■ Exercise ■
The whole listing below must be printed again exactly, images excluded.

■ Supplied records ■
────────

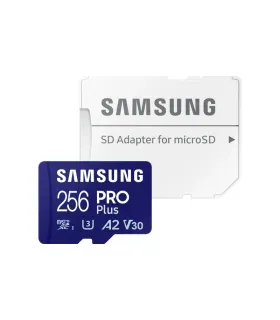 Samsung PRO Plus Tarjeta Micro SDXC 256GB UHS-I U3 A2 V30 Clase 10 con Adaptador SD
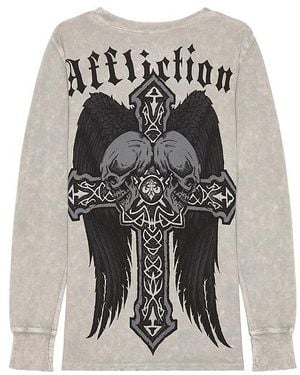 Affliction Seeker Long Sleeve Thermal Tee - Black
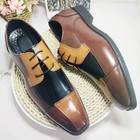 Lace Up Comfortable Formal Leather Shoes Men Outdoor Walk Bussiness Dress Shoes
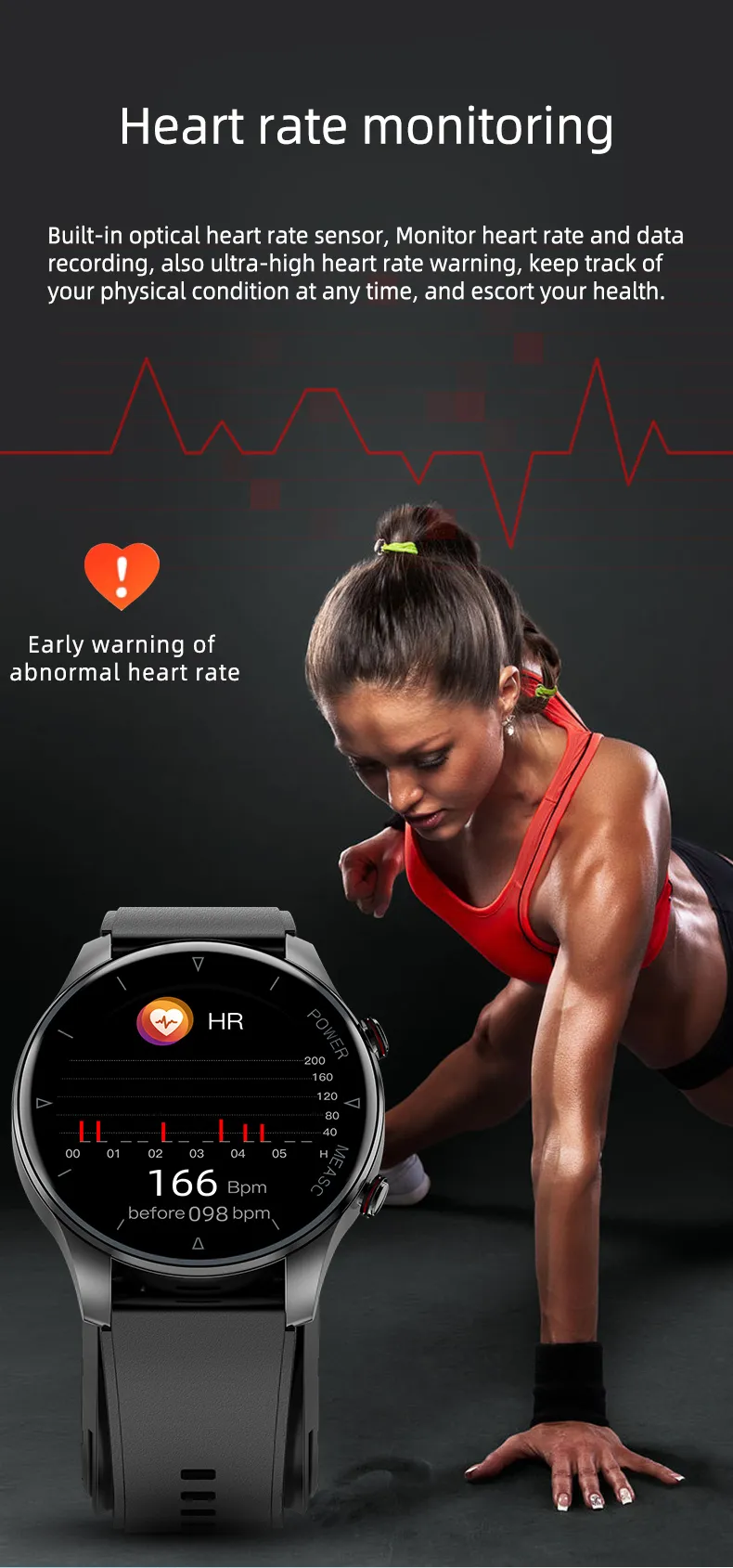 ECG Health Smartwatch P50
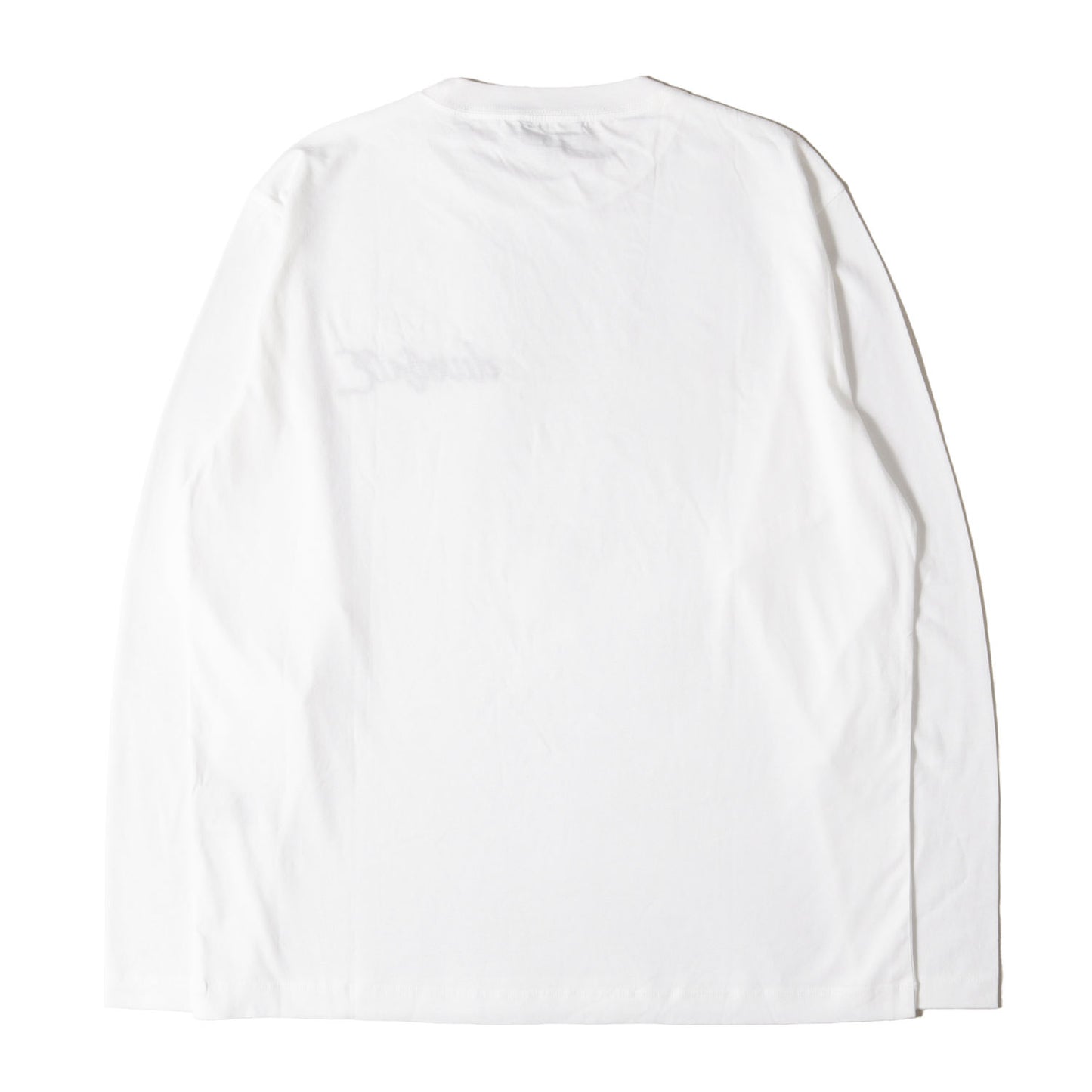 近年モデル チェーン刺繍ロゴ ロングスリーブ Tシャツ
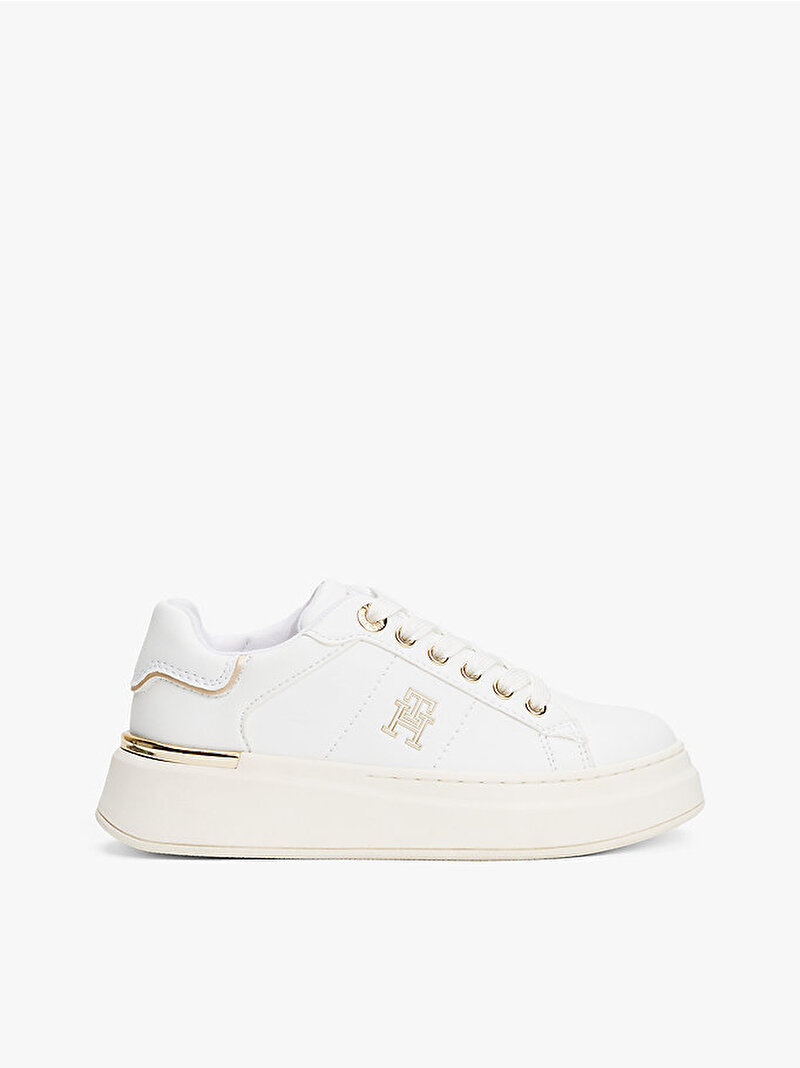 Kız Çocuk Low Cut Lace-Up Sneaker Beyaz  EF00033749100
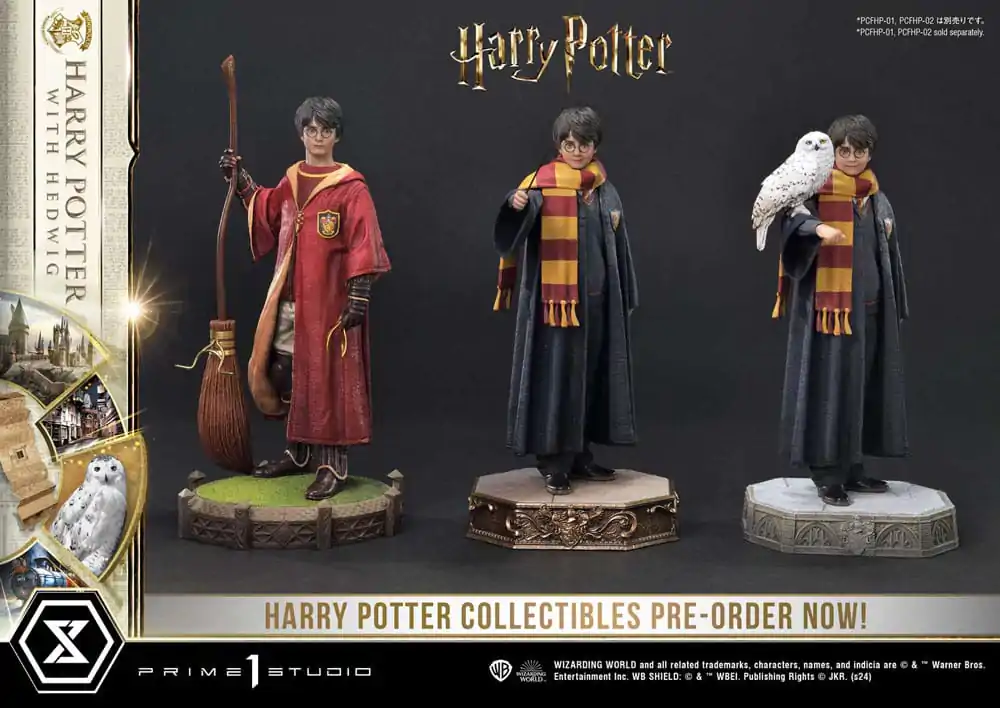 Harry Potter Prime Collectibles Statuie 1/6 Harry Potter cu Hedwig 28 cm poza produsului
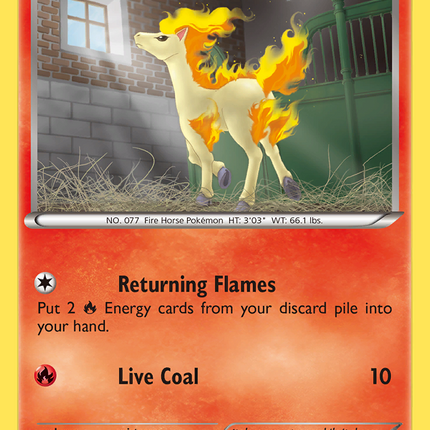 Ponyta (16/114) [XY: Steam Siege]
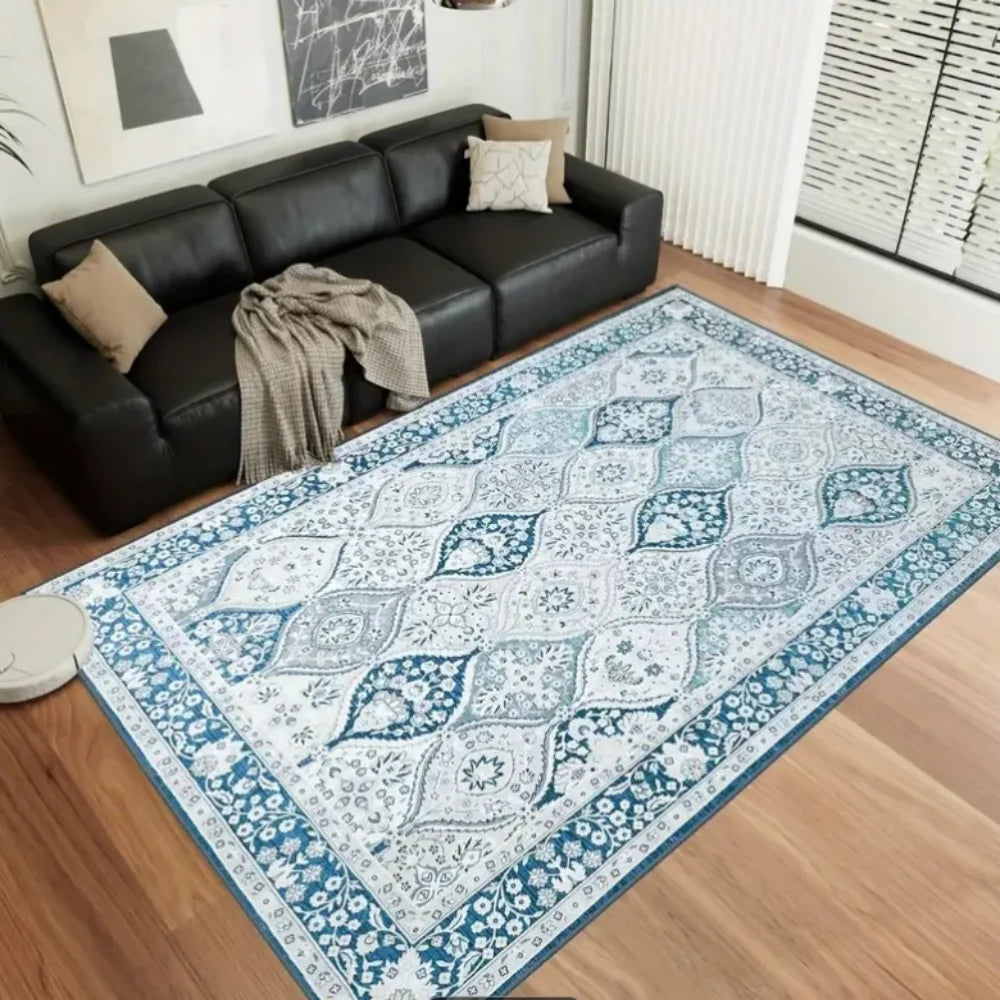 Machine Washable Rug, Ab Washable Area Rugs with Non Slip Rugs for Living Room, Bedroom Area Rugs Dining Office - Happy Home Retreat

────────

■ Task output ■
 Samsung PRO Plus Tarjeta Micro SDXC 256GB UHS-I U3 A2 V30 Clase 10 con Adaptador SD
 Affliction Seeker Long Sleeve Thermal Tee - Black
 Lace Up Comfortable Formal Leather Shoes Men Outdoor Walk Bussiness Dress Shoes
 ECG Health Smartwatch P50
 近年モデル チェーン刺繍ロゴ ロングスリーブ Tシャツ
 Kız Çocuk Low Cut Lace-Up Sneaker Beyaz  EF00033749100
 Harry Potter Prime Collectibles Statuie 1/6 Harry Potter cu Hedwig 28 cm poza produsului
 Ponyta (16/114) [XY: Steam Siege]
 Machine Washable Rug, Ab Washable Area Rugs with Non Slip Rugs for Living Room, Bedroom Area Rugs Dining Office - Happy Home Retreat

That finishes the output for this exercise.